O Tourism Explorers é o maior programa nacional de criação e aceleração de startups na área do turismo, que visa apoiar ideias e melhorar negócios neste âmbito, promovendo o empreendedorismo, o trabalho em rede e a discussão de projetos, fomentando assim o potencial de crescimento turístico em Portugal.

O júri, composto por João Santos, da Nersant, Eunice Lopes, diretora da Licenciatura em Gestão Turística e Cultural (IPT) e Carlos Almeida, representante da Agência (Caixa de Crédito Agrícola Mútuo, CCAM Ribatejo Norte e Tramagal, CRL) avaliaram os projetos apresentados e selecionaram o representante regional para o Concurso Nacional. Foto: Tagusvalley

Outros projetos finalistas:

D.GAME EXPERIENCES | Equipa 1 – Susana Chambel e Maria Rufino

“D.Game Experiences ajuda jovens adultos a resolver a dificuldade em criar roteiros desafiantes e de aventura coordenando atividades e responsabilidade logística utilizando como solução roteiros programados por regiões ou países e grau de dificuldade com fator surpresa recorrendo a parcerias com empresas locais que é melhor do que empresas de animação turística que não oferecem soluções conjuntas que envolvam conhecer locais e a cultura local através de experiências de jogo desafiantes e competitivas.”

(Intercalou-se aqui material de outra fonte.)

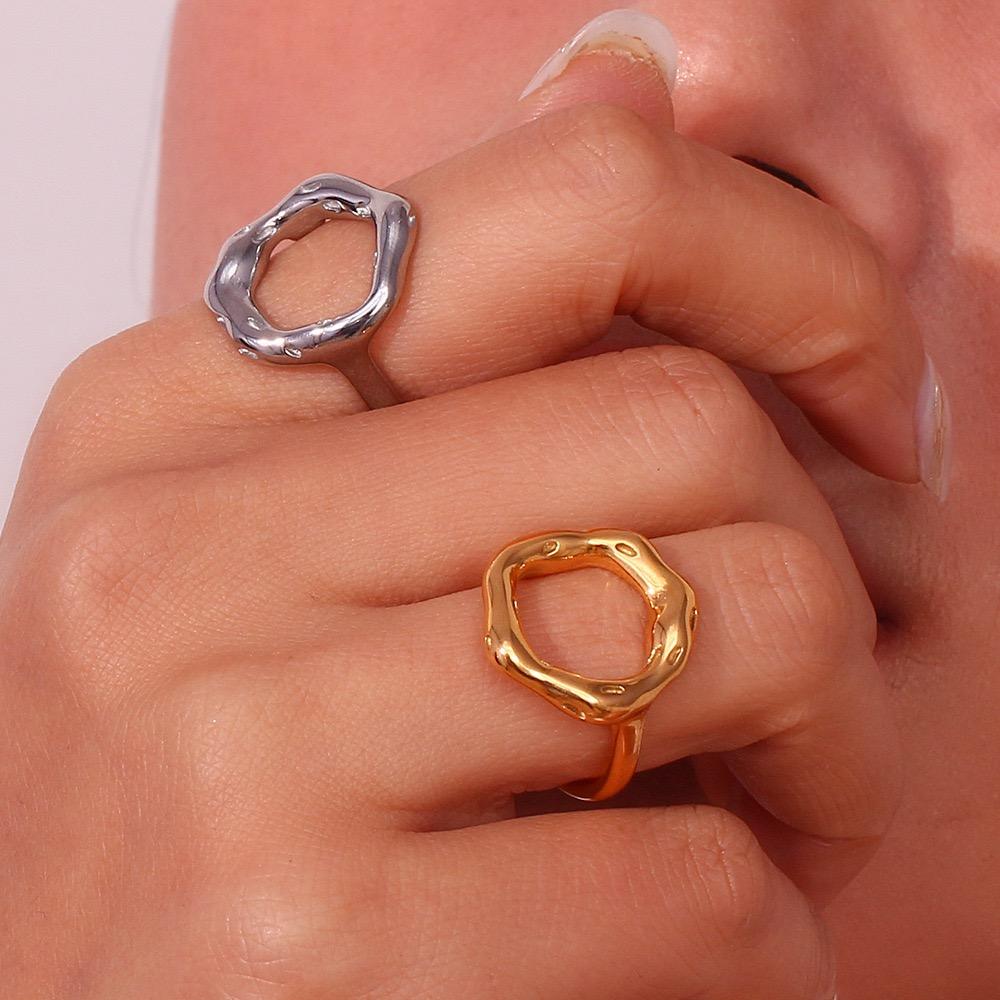 Vintage Circle Motif Stainless Steel Ring for Women Melted Texture Detail Texture Temperament Jewelry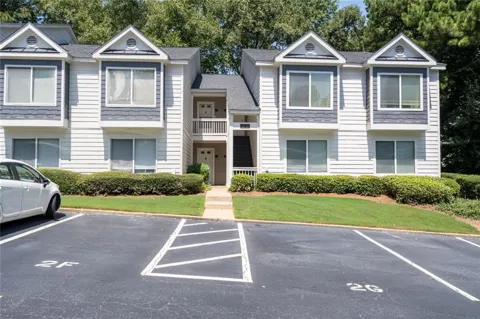27 Little Silver Court SE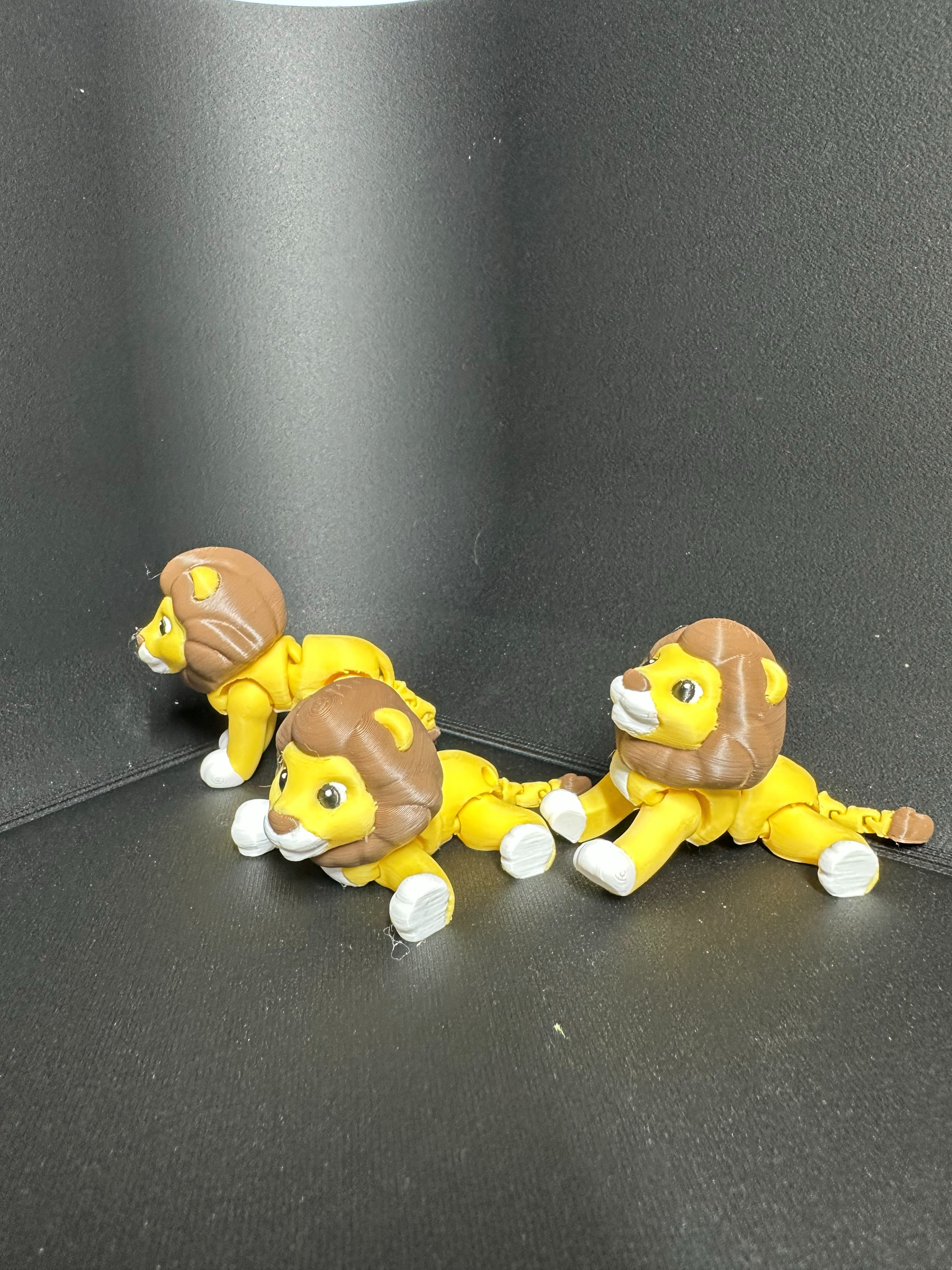 Little Lazy Lion Desk Toys – Fun Fidget Figures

PÁTIOS DAS ALDEIAS DO ZÊZERE | Equipa 3 – Catarina Faria, Sónia Pedro e Luís Inácio

“Aldeia do Zêzere” é uma empresa de experiências e alojamento local na aldeia. Queremos ajudar as pessoas que sofrem de ansiedade e stress, criando um spa para a mente, onde possam encontrar bem estar e equilíbrio. Esta solução é melhor que as tradicionais soluções de alojamento, porque estamos num local privilegiado onde temos ar puro, silêncio e um serviço personalizado, onde os desejos e expectativas dos nossos hóspedes são a nossa prioridade.”

GO NATURE | Equipa 4 – Sara Patrão e Rui Martins

“Go Nature ajuda urbanistas que sabem que os pacotes de leite nascem nas árvores a resolver essa questão utilizando aldeias locais e a sua população que é melhor que é melhor que consultar o Google porque na Go Nature vai conhecer uma vaca de carne e osso numa aldeia longe porque a história, as artes e a cultura são a alma do povo.”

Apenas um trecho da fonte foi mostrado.